Naylor Observatory
- Organization: Astronomical Society of Harrisburg
- Location: Lewisberry, Pennsylvania, United States
- Coordinates: 40°08′49″N 76°53′56″W﻿ / ﻿40.1469°N 76.8989°W
- Altitude: 170 m (560 ft)
- Established: 1955
- Website: Naylor Observatory

= Naylor Observatory =

Naylor Observatory is an astronomical observatory owned and operated by Astronomical Society of Harrisburg. It is located near Lewisberry, Pennsylvania, United States.

== History ==
The Astronomical Society of Harrisburg (ASH) was formed in 1955. It is one of the oldest astronomical societies in the country. One of its original goals was to construct a local observatory. The members first constructed a 12.5" Dall-Kirkham Cassegrain telescope to place in the new observatory. They then attempted to purchase a plot of land for $1000. This plot of land was discovered to be adjacent to a to-be-built night club and the money was refunded.

The society learned a valuable lesson and planned the observatory out more accurately. The present property, two miles northwest of Lewisberry, was acquired in 1966. Since the society had not had an established history, even with 60 members acquiring funding for the construction became an issue. Nonetheless, the French Dome, the observatory's first building, was completed in 1967. The society spent the next 5 years, ending in 1971, raising money to fund the observatory's initial construction. By 1987, the Asper operations/administration building, telescope viewing pads, and several telescope storage buildings were constructed.
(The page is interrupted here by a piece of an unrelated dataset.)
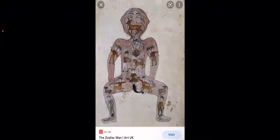Back to Ashurbanipal - it's really interesting because he boasts. He says: 'I'm the king of the world, I'm the king of the universe.'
The club continued expanding and in 1979 a 12.5" f/6 Cave Astrola Newtonian reflecting telescope was installed in the Culver roll-off observatory. In the 1990s, a 17" f/15 classical Cassegrain reflector replaced the second telescope, a 16" Newtonian, that had been housed in the French Dome observatory. A second roll-off observatory was constructed in 2005. The King roll-off observatory features two 14" f/10 Meade Schmidt-Cassegrain catadioptric telescopes. A third roll-off observatory, which houses a 10" f/7 Ritchey–Chrétien Cassegrain and an 80mm f/6 refractor intended for CCD imaging, was constructed in late 2013. ASH also owns a number of smaller telescopes, including a 40mm Coronado PST hydrogen-alpha solar telescope, 6, 8, and 10" Dobsonian reflectors, a 10" f/7 Cave Astrola Newtonian, and a 10" f/10 Meade Schmidt-Cassegrain catadioptric.